With market forces increasingly pushing in the right direction, the question is how to accelerate them. This is why, despite scepticism over attempts to make profit-seeking businesses pursue moral objectives, I am pleased that these desired changes are at least in line with what the markets are clearly saying: one can hope to do well by doing good. Furthermore, as the IEA’s argues, in addition to being increasingly cheap, renewable energy sources add security to energy supplies. Yes, wind and sun will vary over the day and the seasons. But Vladimir Putin cannot cut them off. For China, Europe and India, to name but three big players, the security case for renewables is overwhelming.

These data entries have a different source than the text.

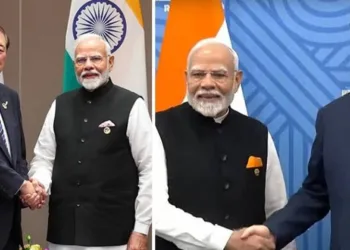(Left to Right): Prime Minister Narendra Modi with Japanese Prime Minister Shigeru Ishiba and Prime Minister Narendra Modi with Chinese President Xi Jinping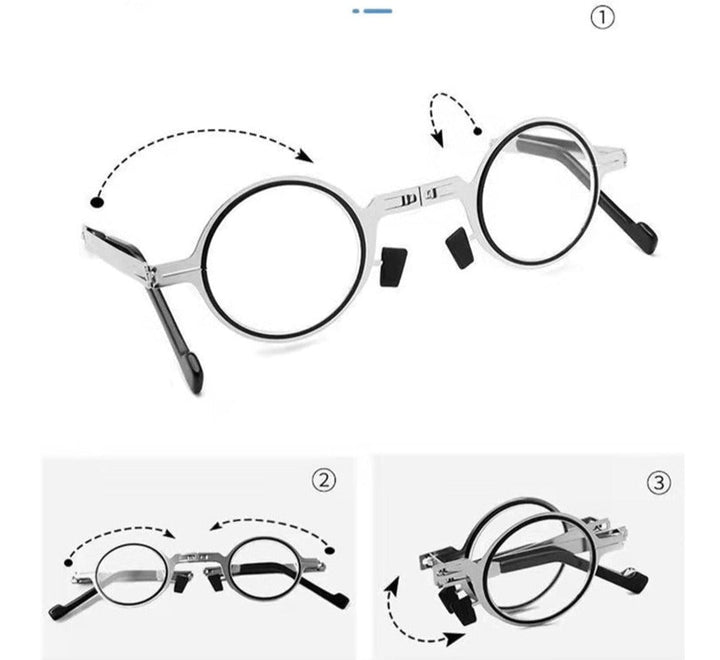 Scratch-resistant foldable reading glasses with blue light filter. Unisex, portable, silver frames for clear vision.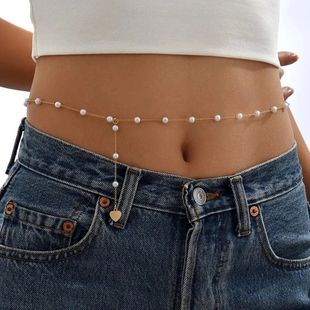 Sexy Vintage Aesthetic Belly Pearl Decor Body Chain Waist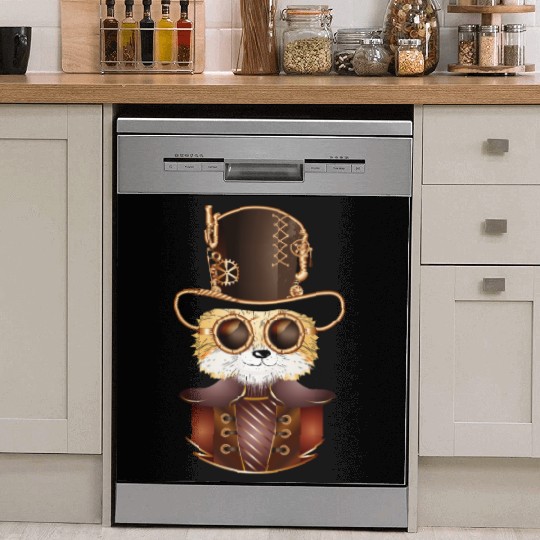 Steampunk fox with ancient cylinder hat & glasses Dish Washer Covers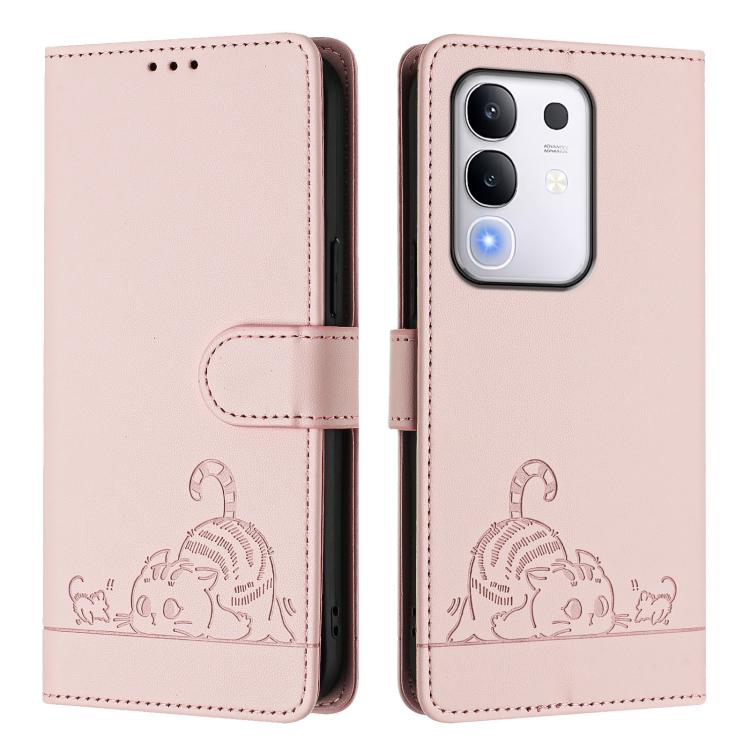 For vivo Y29 4G Global Cat Rat Embossed Pattern RFID Leather Phone Case with Lanyard
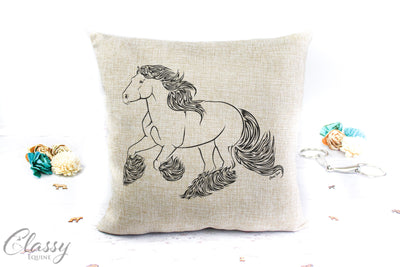 Gypsy Horse Pillow Cover - Bold Cantering Gypsy Cob Horse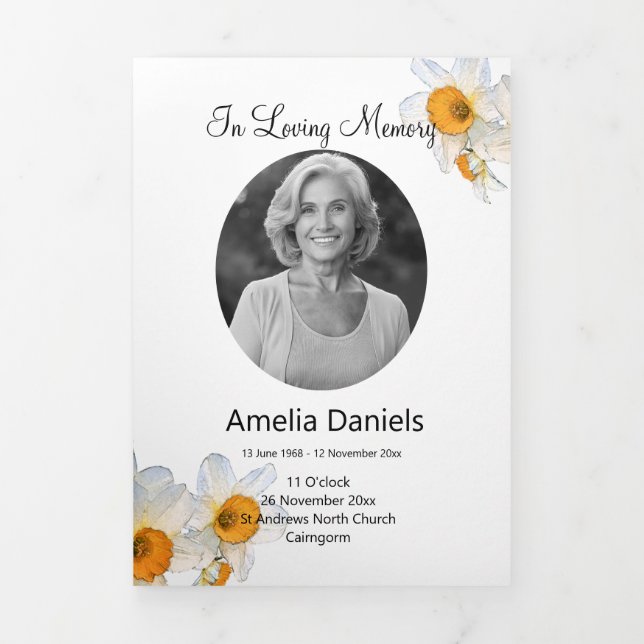Spring Daffodil Celebration of life Program (Cover)
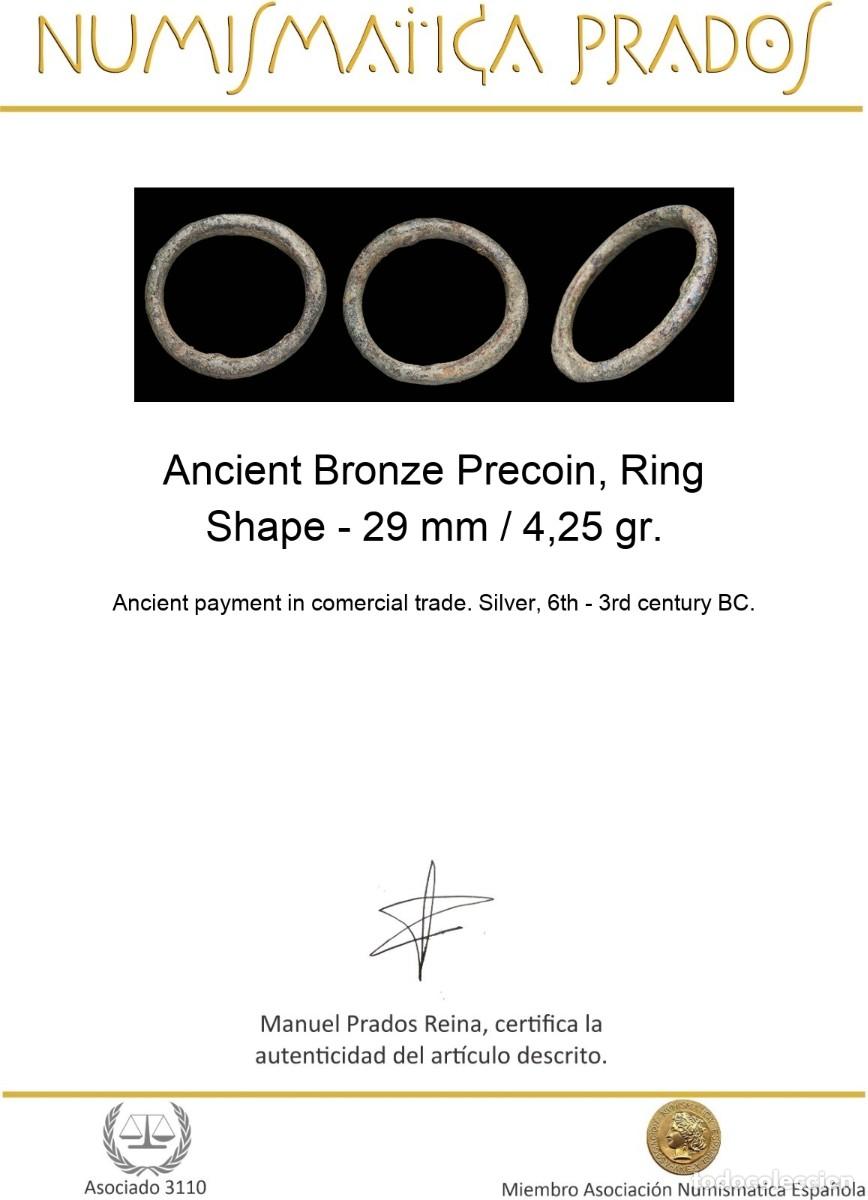 Monedas antiguas: Ancient Bronze Precoin, Ring Shape - 29 mm / 4,25 gr. - Foto 2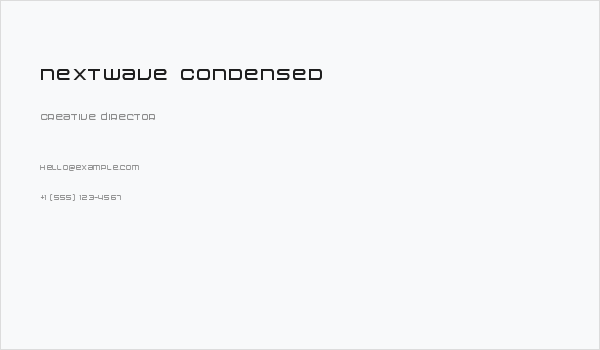 Nextwave Condensed Business Card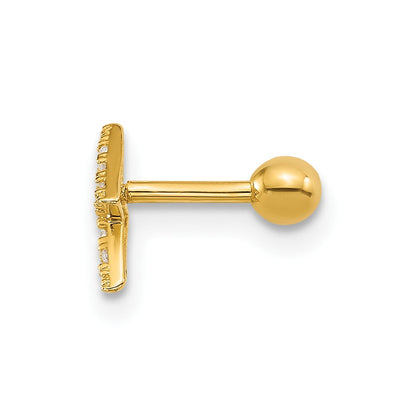 14K Gelbgold Poliert Zirkonia Blitz Bolt Labret Ohrstecker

Broadly speaking, five policy changes do still need to be made, or strengthened: increase investment in scientific research; increase subsidisation of the application of new technologies, with a view to accelerating learning-by-doing in each, as well as speeding up investment in complementary technologies; cease subsidisation of fossil fuels, which amounted to $700 billion in 2021, other than in carbon capture and storage; introduce carbon pricing in one of several possible ways, perhaps by preventing prospective declines in energy prices from working their way fully into the market; and de-risk finance especially in developing countries.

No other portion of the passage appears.